The term “construction” means any form of building or assembling but is generally limited to the creation of, or performance of work, or in relation to immovable property. This includes both building and construction works, according to the technical subject matter of the contract. A construction contract is a contract in which construction on an immovable land takes place. This construction can occur on any immovable property from an office to an apartment to a road.
In India, we do not have separate laws for construction like the United Kingdom or the United States of America. There are several types of contracts governed under the Indian Contract Act, 1872, one of them is construction and engineering contracts. Such contracts are mainly related to civil engineering activities. Say, for instance, if an owner of a property wants to build a structure, or the local government wants to lay a road or has plans of building a dam, such contracts would come under construction contracts. However, it is common for any sizable contract involving aspects of civil engineering to be referred to as a construction contract.
There are several types of construction contracts like lump-sum contracts, time and material (T&M) contracts, cost-plus contracts, unit price contracts, amongst others and several issues arise out of such contracts which are discussed in this article in brief.
Laws governing construction and engineering in India
The Indian Contracts Act is a law arranged into a systematic code and is based on the English Common Law to a great extent. In some western countries like the United Kingdom and some parts of the United States, there are specific Acts for Construction, whereas in India it is governed under the Indian Contract Act, 1872, just like other contracts.
For a contract to be valid it must be in accordance with other laws and regulations and not contradict any of them. Hence, depending on the type of contract under construction and engineering laws, the provisions of the following laws must be abided by:
- Labour laws including the Child Labour Act, 1986; the Minimum Wages Act, 1948; the Workmen Compensation Act, 1923 the Welfare Acts for women and children.
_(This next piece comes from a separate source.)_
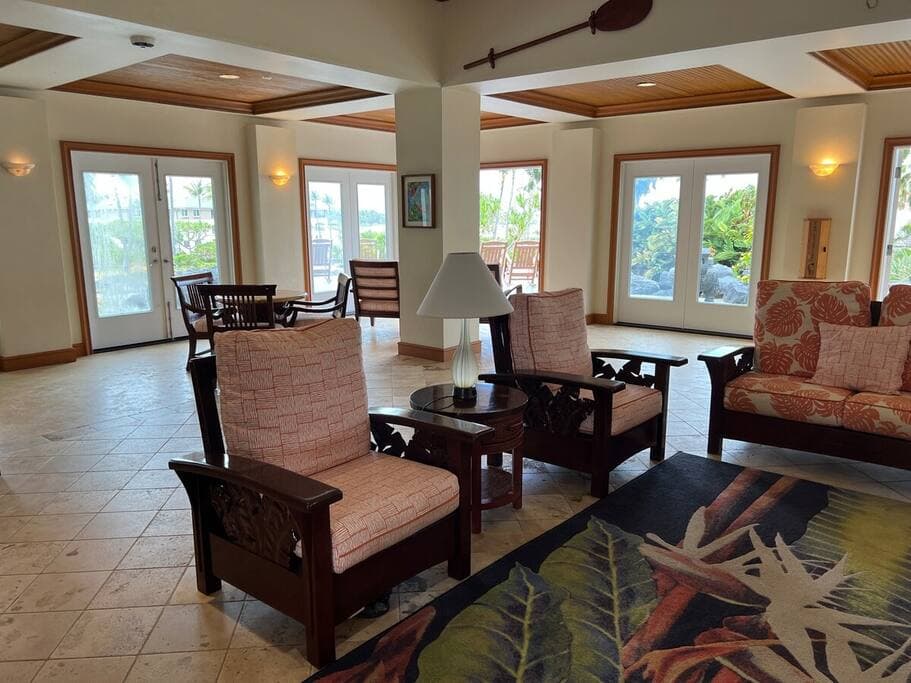 Garden View Suite w/ Patio & Full Kitchen - Photo 3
- Environmental Laws concerning pollution, forestry, etc.
- Land and Property laws.
- Sales of Goods Act, 1930.
- Related Laws pertaining to an individual’s State.
- Local Municipality/ Corporation Rules and Regulations.
- The Arbitration and Conciliation Act, 1996.
- The Limitation Act, 1963.
- Tax laws including the Income Tax Act, 1961.
All the employers and contractors must obey the relevant legislations in force in India or their particular state/city. For instance, the Workmen Compensation Act states that if any employee suffers an injury in the course of employment, then compensation has to be provided. Similarly, as per the Minimum Wages Act, the employer has to pay the minimum rate of wage as specified by the government. Moreover, under Section 194C of the Income Tax Act, a person who has the responsibility of paying any money to a contractor for carrying out any work is required to deduct tax which is commonly known as ‘Tax Deducted at Source (TDS)’ while making the payment.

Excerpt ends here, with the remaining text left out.